To fill this sunken area with water from the Colorado River would require many years. The average flow of the river during a year is said to be about 15,000 cubic feet per second. This entire amount conveyed into the lake would be subject to a very great shrinkage from evaporation, and it is even possible that this loss would become so great after the lake had spread over a certain area as to equal the inflow from the river, although such is hardly probable. In any case, all attempted computations of such nature would necessarily be very inaccurate, and may as well be omitted.

In studying the possibility of this area becoming the bed of an inland sea there are even more considerations to be met than are offered by the Imperial Valley land colony and the salt works at Salton. Gilbert E. Bailey, M. E., of Los Angeles, a recognized authority on the mineral resources of California, has made a thorough study of this region, and to the writer he has furnished a partial list of its possibilities in this direction. In addition to the salt deposits, large quantities of nitrate, sulphate and carbonate of soda are found at various points along the rim of the desert, and in the southern part there are about 300 acres covered with mud volcanoes or geysers that spout forth mud of various colors and consistency, containing rare minerals which some day may become of importance. Oil-bearing rocks are found along the west side, forming a belt at the foot of the mountains and extending into the area lying below sea level, from which ooze heavy asphaltic oils, and which will some time develop into a rich oil-producing district. South of the California line, in Mexico, and lying below sea level, there are also valuable and extensive deposits of sulphur; and then in the surrounding mountains, which, however, would not suffer from the lake, are found large deposits of gold, silver and copper and mines of kunzite and tourmaline gems.

Altogether, this is an interesting country. It offers many realities, and as many, or more, possibilities. At present it is battling with an unusual problem, and we are assured by engineers that it stands on the eve of victory—at last. It has met defeat bravely six times, and therefore let us hope that the seventh attempt will be crowned with reward.

Author's Note.—About the first of last November, shortly after this article was written, the dams and headgates constructed to shut the Colorado River out of Salton Sink were put into use. Up to this time the Southern Pacific Company, after finishing the headgates mentioned, had continued work until it had practically diked the river for a distance of more than ten miles, and had expended upon the work a sum in excess of $1,500,000. The test of the completed work at that time seemed to assure the successful capture of the runaway river, and there was general rejoicing.
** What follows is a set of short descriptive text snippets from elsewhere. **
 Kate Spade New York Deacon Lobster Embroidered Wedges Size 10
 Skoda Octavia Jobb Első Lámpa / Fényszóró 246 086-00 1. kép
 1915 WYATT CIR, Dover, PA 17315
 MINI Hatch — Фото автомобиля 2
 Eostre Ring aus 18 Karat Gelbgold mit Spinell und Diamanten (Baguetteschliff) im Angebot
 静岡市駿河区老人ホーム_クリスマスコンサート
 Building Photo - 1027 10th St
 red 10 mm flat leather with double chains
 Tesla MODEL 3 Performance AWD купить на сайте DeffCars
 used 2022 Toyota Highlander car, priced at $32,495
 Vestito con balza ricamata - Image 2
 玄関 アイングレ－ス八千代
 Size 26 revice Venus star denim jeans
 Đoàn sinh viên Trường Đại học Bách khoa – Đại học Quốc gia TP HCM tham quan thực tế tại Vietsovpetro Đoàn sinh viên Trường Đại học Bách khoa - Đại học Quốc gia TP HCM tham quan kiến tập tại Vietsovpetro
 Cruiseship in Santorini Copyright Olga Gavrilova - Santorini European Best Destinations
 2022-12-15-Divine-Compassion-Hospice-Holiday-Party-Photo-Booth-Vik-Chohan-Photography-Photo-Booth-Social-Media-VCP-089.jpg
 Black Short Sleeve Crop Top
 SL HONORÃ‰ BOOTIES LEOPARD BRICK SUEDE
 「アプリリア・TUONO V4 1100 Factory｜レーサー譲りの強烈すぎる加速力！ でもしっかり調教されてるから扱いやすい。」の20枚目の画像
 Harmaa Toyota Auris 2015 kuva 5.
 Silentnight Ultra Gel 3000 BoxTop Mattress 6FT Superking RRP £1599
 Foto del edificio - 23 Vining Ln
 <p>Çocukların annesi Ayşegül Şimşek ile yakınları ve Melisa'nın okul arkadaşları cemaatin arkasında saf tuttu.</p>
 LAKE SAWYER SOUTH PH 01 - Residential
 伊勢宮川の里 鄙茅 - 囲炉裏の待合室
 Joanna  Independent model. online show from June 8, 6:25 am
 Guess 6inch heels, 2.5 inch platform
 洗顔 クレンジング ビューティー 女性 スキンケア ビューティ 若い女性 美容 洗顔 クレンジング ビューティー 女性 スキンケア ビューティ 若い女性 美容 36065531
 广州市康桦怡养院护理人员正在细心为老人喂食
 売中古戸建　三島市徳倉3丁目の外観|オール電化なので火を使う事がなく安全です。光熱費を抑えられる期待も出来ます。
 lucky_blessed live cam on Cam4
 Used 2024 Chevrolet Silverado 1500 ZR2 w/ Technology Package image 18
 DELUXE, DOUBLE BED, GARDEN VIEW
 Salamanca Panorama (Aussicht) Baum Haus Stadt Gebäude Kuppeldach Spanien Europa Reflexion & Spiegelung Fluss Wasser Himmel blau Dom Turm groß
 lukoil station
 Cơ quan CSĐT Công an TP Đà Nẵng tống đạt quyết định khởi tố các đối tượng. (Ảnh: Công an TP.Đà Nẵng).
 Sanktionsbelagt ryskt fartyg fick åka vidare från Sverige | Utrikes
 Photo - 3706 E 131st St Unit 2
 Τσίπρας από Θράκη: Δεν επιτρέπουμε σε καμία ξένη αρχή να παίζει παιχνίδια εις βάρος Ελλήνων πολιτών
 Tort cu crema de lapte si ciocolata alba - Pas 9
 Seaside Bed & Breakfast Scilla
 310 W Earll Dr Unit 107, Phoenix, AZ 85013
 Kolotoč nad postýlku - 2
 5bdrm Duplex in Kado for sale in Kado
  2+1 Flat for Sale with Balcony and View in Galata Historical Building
A month later, however, the river rose to flood tide, and on the night of December 7, last, it again broke through its natural channel bounds and is again pouring into Salton Sink. The condition to-day is as bad as it was six months ago, and the possibilities of a permanent 'Salton Sea' are now more pronounced than ever. The river must be controlled within six months, or the Imperial Valley will suffer greatly. The Southern Pacific Company, at present, hesitate to again fight the river, and it is probable that the United States government will be asked to lend assistance. The recent break occurred just below the new dike, and has already eroded a canyon-like channel. As pointed out by the writer, the banks of the Colorado River in this vicinity are low and of a very loose material, consequently easily eroded, and to assure a lasting solution to the problem about twenty more miles of dike will be necessary. This, too, must be built soon—before the river channel above the break is cut much deeper.